For a lot of people, it could be weeks — or even months — as we all practice social distancing and stay home, and experts say, that could lead to some expensive problems.

The NBC4 I-Team spoke to local mechanics who said a lot of families are only driving one car right now to run errands and their other car has been sitting around, getting dusty.

“Nobody’s going anywhere, right?” said Will Kaufman, a Content Strategist for Edmunds.  “People are trying to stay home, they’re trying to maintain social distancing—getting groceries delivered, so nobody’s driving their cars.”

You may be driving less these days, but your car still needs a little TLC. Here are some easy ways to take care of your car while you stay off the road.

Kaufman says if your car has been sitting for too long, the first problem you may notice is a dead battery.

For your battery dying, there’s an easy fix.  You just need a jumper box. That’s something you can get online pretty easily and they’re very easy to use," he said.

Your car also probably needs a wash.  And some of that dirt and grime may be more than just a cosmetic problem.

Bird droppings are highly acidic,” said Kaufman.  “So they can etch away at the clear coat that’s been put on top of the actual pigmented paints on top of your car.  And that clear coat, if it gets damaged, you’ll maybe start to see some cloudiness and if it goes on too long, the clear coat can actually start to strip away.”

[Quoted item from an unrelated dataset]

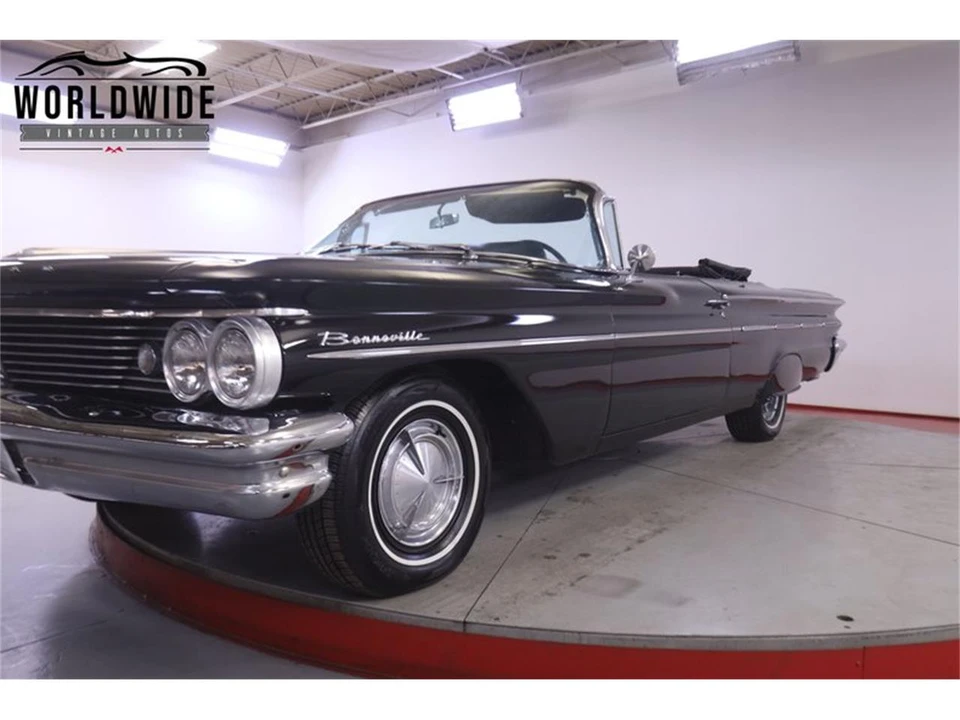 1960 Pontiac Bonneville 1st Gen - Image 16 of 31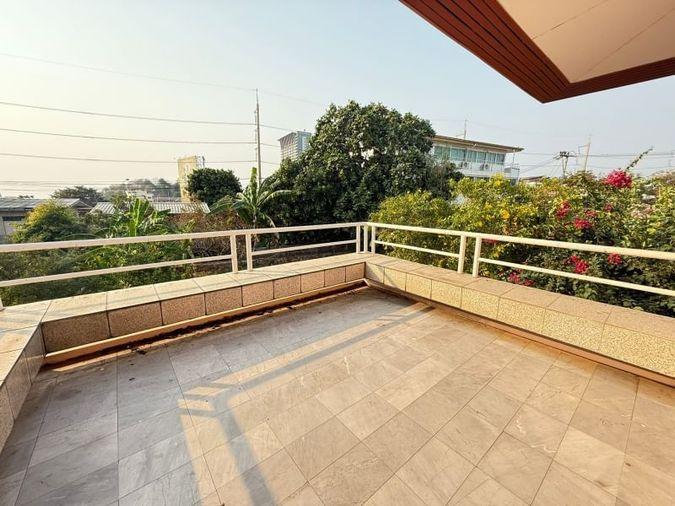 รูป ขายบ้านเดี่ยวศรีราชา พื้นที่สีเขียวรอบบ้าน ติดสุขุมวิทไปแหลมฉบัง - รูปที่ 13/20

Kaufman recommends using a damp towel to gently wipe off any droppings.

Tires are another item that can develop a problem if your car sits stationary.

Tires can flat-spot.  Which literally means it’s just rubber that’s been sitting on one spot for a long time, so it sort of flattens out. That can cause a problem with the durability of the tire," he said.

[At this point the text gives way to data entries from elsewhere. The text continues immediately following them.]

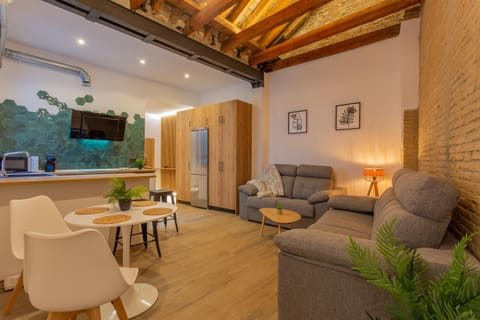 Kitchen or kitchenette, Living room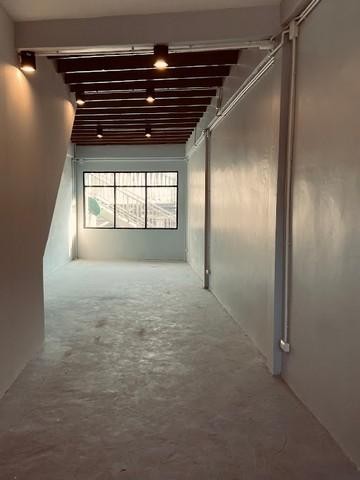 ให้เช่าอาคารพาณิชย์ 3 ชั้น ถนนพระราม 4 แยกกล้วยน้ำไท ทะลุสุขุมวิท 40 ขนาด 25 ตร.ว.พื้นที่ใช้สอย 180 ตรม.มี 2 ห้องน้ำ มีแอร์ 3 ตัว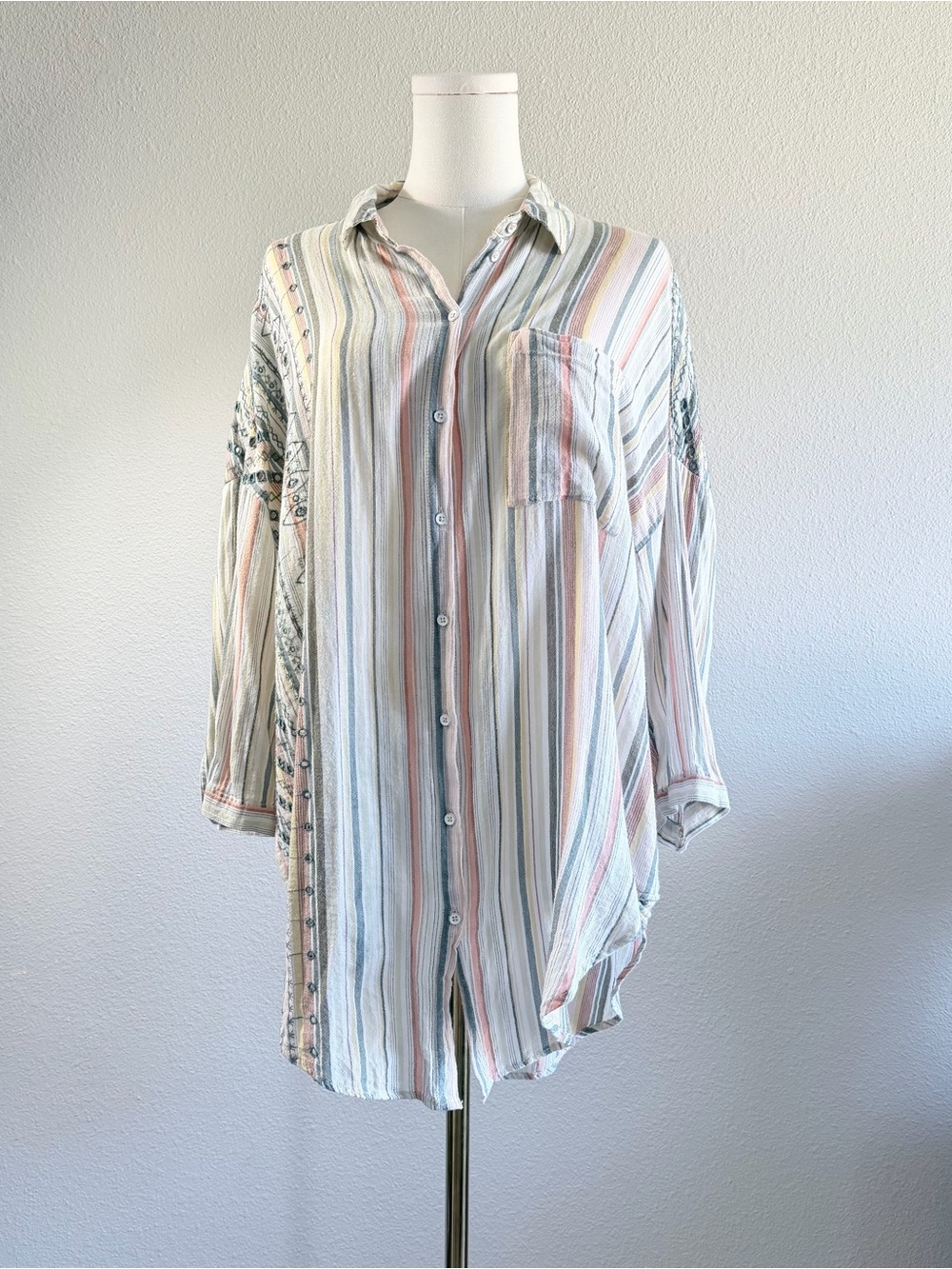 Anthropologie Akemi‎ + Kin Striped Embroidered Eyelet Oversized Shirt M/L Boho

One last problem: rodents.  It is not uncommon for them to climb into the engine compartment and start chewing through wires.  That type of problem could cost you thousands of dollars in repairs.

However, Kaufman says there is one easy thing you can do, right now, to prevent most issues. 

The best advice is to just use your car as it was intended. Once every two weeks, get in it and drive it for a little while. We recommend at least 20 to 30 minutes," he said.